The quality of the product or service the company sells to the customer makes the customer decide to either keep giving money to the company (buying more) or to stop. That makes or breaks revenue and growth.
Shareholders will respond in a way that either drives up the stock values, or drives it down. The stock value and overall company performance is going to catch the eye of the Board of Directors. And the Board will hold the CEO and company leadership accountable for performance and will determine rewards accordingly.
If performance is poor, leadership is going to yell “We need better-skilled employees to ensure we deliver a better product so customers spend more money with us! We need the best people!”
They’ll tell recruiters to go hire the best candidates. These candidates will check out the company’s website, and look at the leadership team, and have conversations with local directors and managers during their interviews. If the candidates see themselves mirrored in the environment, there is a chance they will assess that this company is a good employer for them, one in which they will thrive. They’ll determine this company’s culture is the type they seek.

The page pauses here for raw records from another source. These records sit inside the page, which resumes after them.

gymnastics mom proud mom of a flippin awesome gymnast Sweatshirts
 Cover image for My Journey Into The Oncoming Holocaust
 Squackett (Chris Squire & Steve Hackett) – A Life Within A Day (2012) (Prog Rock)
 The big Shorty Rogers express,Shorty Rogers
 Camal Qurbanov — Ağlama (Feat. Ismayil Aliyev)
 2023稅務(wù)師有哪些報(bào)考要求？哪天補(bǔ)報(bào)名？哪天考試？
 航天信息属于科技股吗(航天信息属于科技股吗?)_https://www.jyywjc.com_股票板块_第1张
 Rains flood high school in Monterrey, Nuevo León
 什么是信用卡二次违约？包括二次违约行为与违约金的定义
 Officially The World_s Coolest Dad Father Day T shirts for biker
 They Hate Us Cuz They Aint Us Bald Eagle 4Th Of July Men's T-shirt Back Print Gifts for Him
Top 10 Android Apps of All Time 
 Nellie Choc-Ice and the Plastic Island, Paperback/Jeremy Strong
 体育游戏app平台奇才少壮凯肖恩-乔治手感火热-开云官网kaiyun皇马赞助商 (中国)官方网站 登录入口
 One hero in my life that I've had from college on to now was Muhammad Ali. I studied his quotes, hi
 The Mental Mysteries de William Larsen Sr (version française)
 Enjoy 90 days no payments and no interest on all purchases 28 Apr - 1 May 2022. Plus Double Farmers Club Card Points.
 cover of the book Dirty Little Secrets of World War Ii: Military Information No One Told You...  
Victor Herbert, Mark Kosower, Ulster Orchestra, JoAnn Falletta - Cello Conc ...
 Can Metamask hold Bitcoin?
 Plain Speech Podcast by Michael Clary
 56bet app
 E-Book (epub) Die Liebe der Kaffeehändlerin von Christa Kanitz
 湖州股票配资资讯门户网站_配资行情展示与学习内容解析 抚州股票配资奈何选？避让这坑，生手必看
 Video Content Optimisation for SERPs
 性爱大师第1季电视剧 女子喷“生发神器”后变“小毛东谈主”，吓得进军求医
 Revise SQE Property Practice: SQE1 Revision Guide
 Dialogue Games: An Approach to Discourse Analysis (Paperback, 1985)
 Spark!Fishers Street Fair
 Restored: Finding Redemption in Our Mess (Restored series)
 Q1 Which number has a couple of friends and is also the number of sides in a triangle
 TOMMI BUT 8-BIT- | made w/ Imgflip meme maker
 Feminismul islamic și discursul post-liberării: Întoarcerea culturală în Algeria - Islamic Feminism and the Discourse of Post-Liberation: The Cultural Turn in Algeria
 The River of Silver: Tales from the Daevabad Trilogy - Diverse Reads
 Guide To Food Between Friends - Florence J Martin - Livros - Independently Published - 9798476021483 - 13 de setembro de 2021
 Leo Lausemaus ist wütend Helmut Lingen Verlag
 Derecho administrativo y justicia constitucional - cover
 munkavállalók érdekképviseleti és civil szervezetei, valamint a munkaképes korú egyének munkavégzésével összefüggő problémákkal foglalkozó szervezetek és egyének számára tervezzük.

But if candidates look at the marketing content online, and see the lineup of leaders, and visit the office on interview day and determine “there just isn’t anyone here like me,” they may decide to turn down the job.
If Leadership hears it’s tough for recruiting to attract the best-skilled candidates, suddenly the meaning of the word “Diversity” is clear. It becomes the Holy Grail, front and center. It’s about establishing a culture that pervades all areas of the company that supports people of all backgrounds and cultures so their strengths can thrive within the company to help the company compete.
This post is as much for me as it is for you. It reminds that I’m not just wasting time when I have to look through hundreds of “people” pictures just to get one marketing piece done. There is no one face to this world. To attract the best of the best we all need to start with this mindset “I don’t know who I’m looking for, but I can bet they aren’t likely to be a carbon copy of me.”